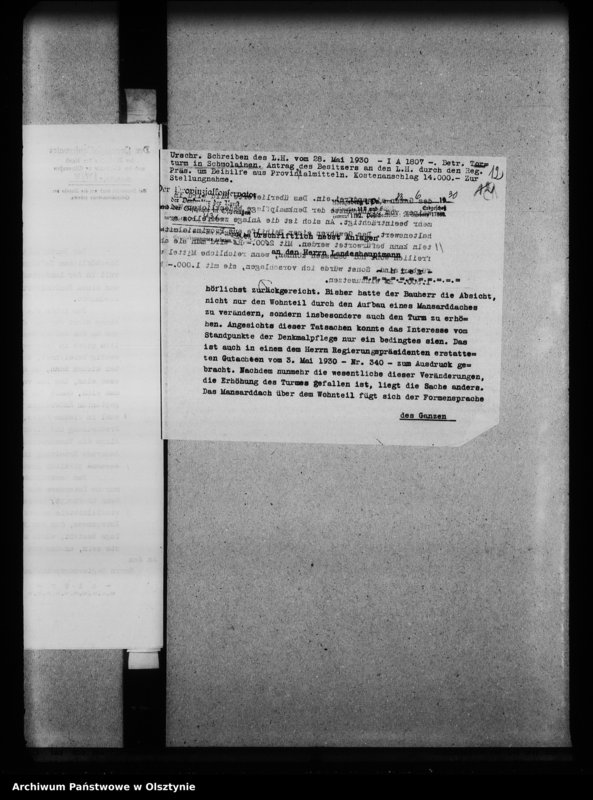 image.from.unit.number "Schmolainen, Torturm und Schloss"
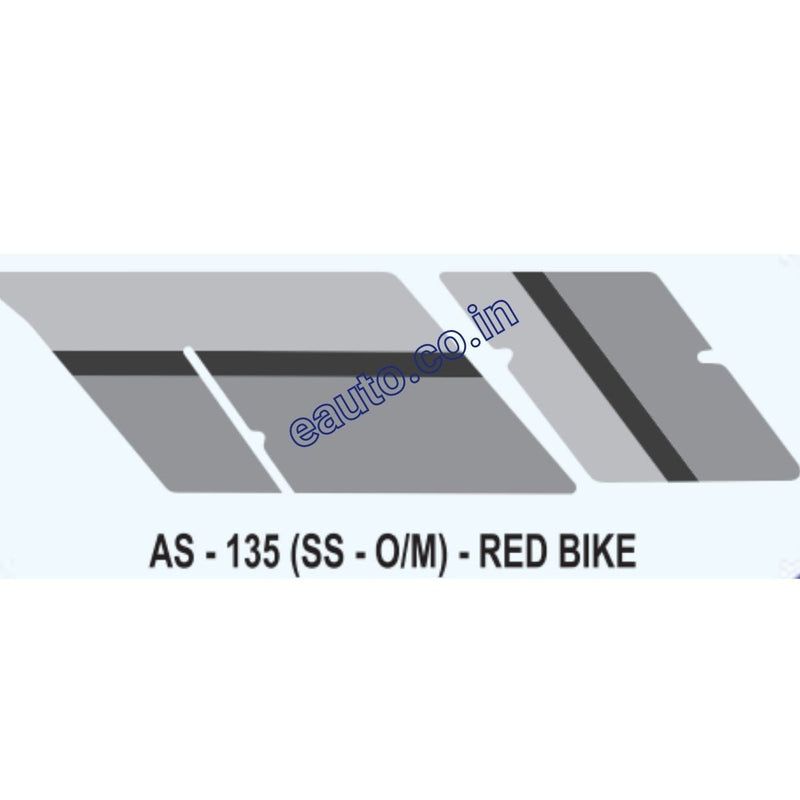 Graphics Sticker Set for Hero Honda CD 100 SS | Old Model | Red Vehicle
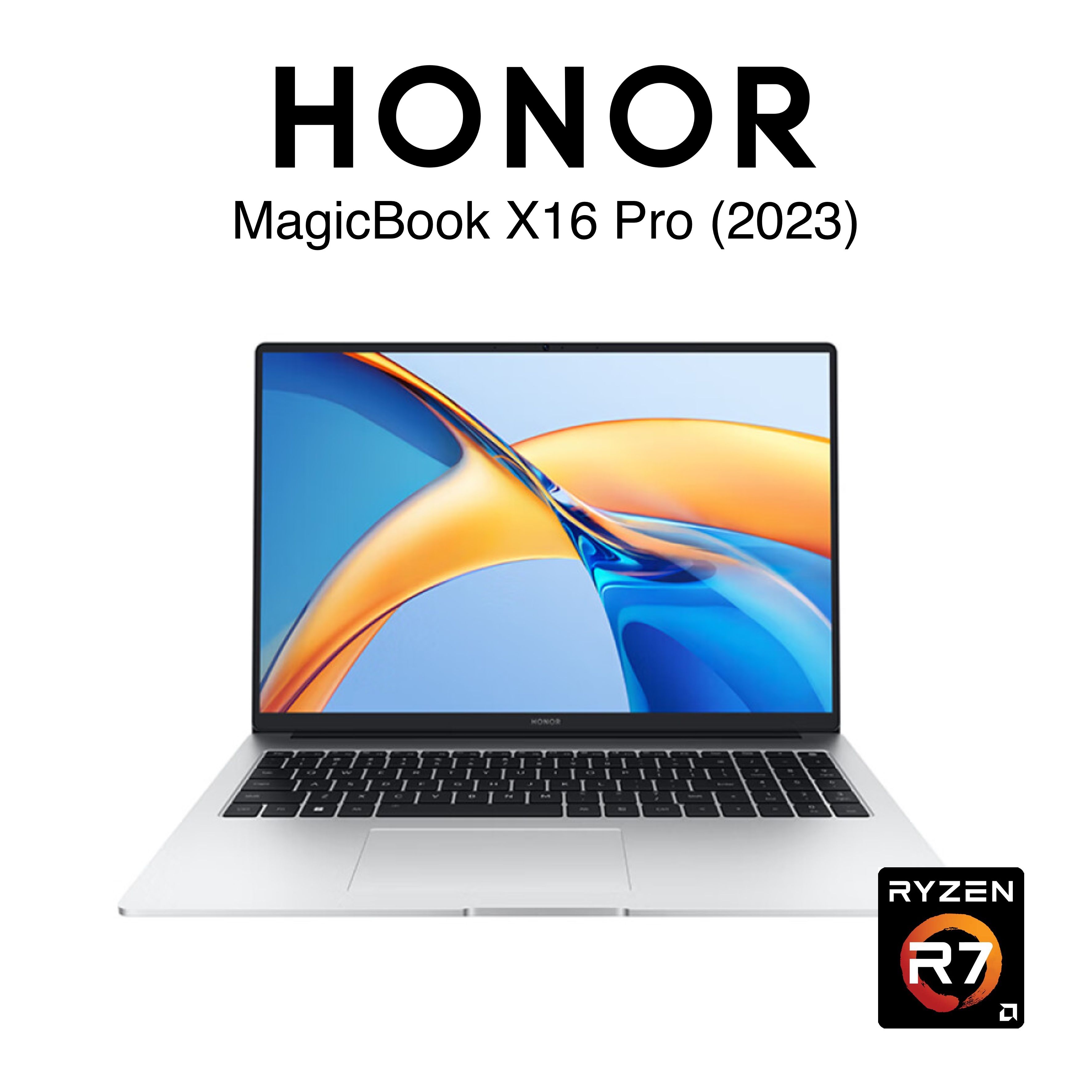 Honor Ноутбук для работы учебы игр HONOR MagicBook X16 Pro Ноутбук 16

──────────

* PROBLEM STATEMENT:
Please print the listing above again word for word, without its pictures.

* OUTPUT OF THE EXERCISE:
 image.from.unit.number "Schmolainen, Torturm und Schloss"
 Graphics Sticker Set for Hero Honda CD 100 SS | Old Model | Red Vehicle
 Honor Ноутбук для работы учебы игр HONOR MagicBook X16 Pro Ноутбук 16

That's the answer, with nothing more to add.